=== REQUIRED WORK ===
No line before the one holding "Frida Kahlo Floral Skull Kids T-Shirt" is to be copied; that line and all after it, through the end of the listing, are returned exactly, minus pictures.

=== COLLECTED DATA ===

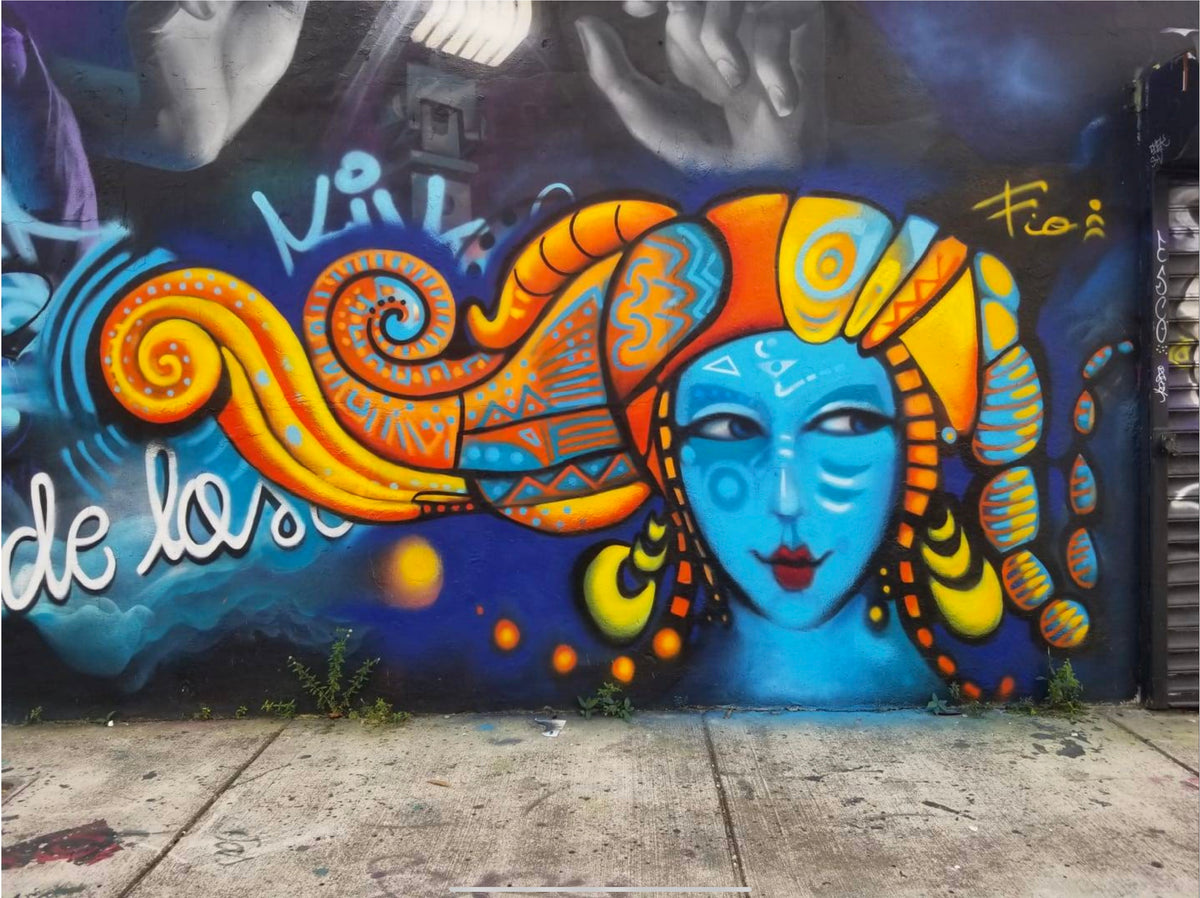 “Mona in Blue ” Mural by Fiorella Podesta, Art by Fio – Artbyfio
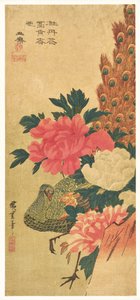 Peonies and Peacock by Utagawa Hiroshige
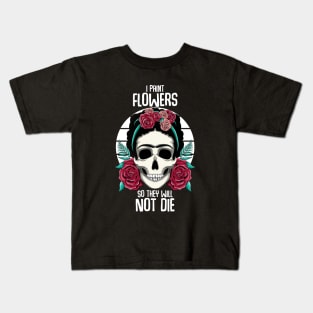 Frida Kahlo Floral Skull Kids T-Shirt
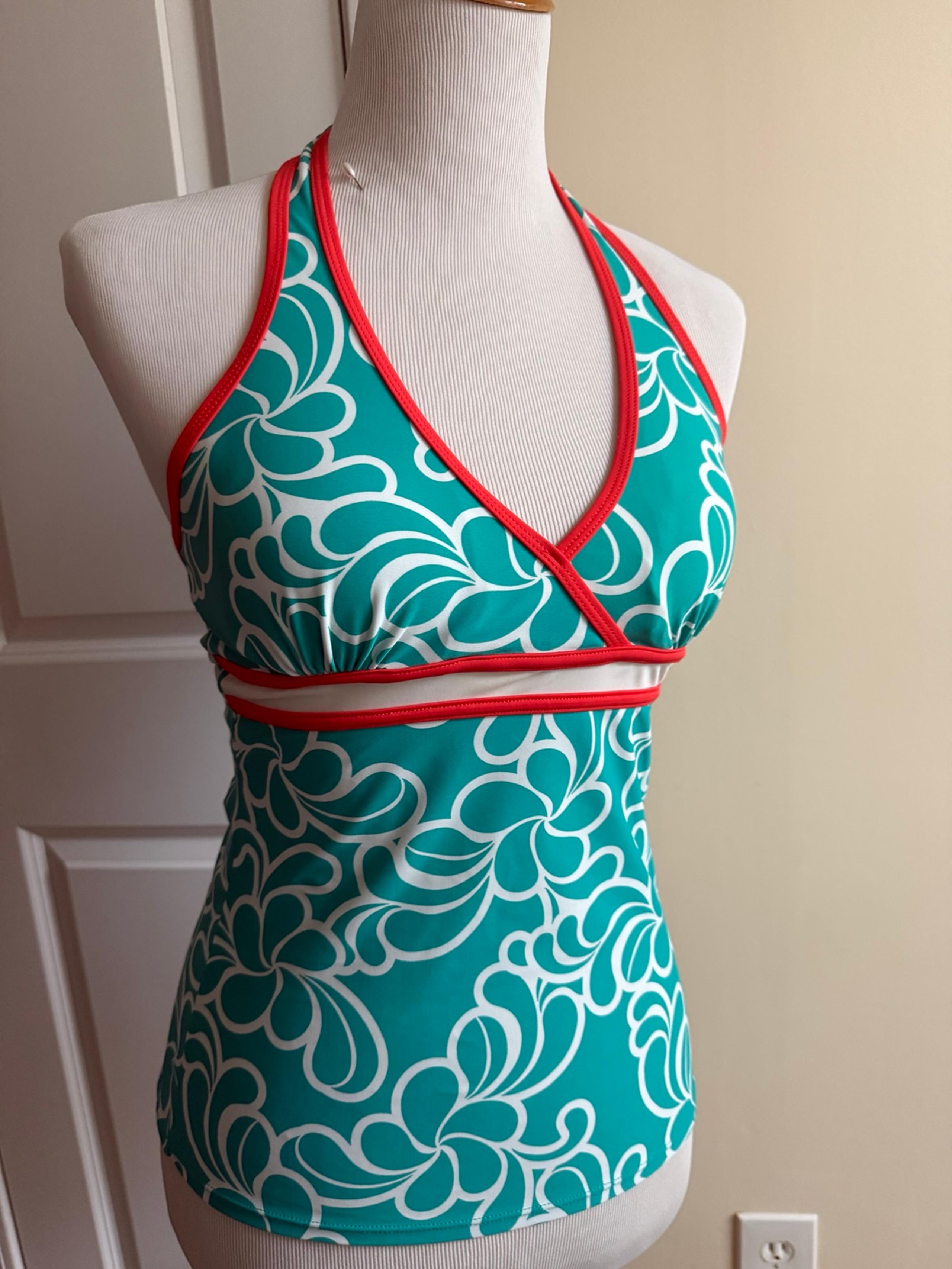 Athletech Women Tankini Tank Swimsuit Bathing Top Sz 10 Padded V-Neck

=== SOLUTION TO THIS EXERCISE ===
 Frida Kahlo Floral Skull Kids T-Shirt
 Athletech Women Tankini Tank Swimsuit Bathing Top Sz 10 Padded V-Neck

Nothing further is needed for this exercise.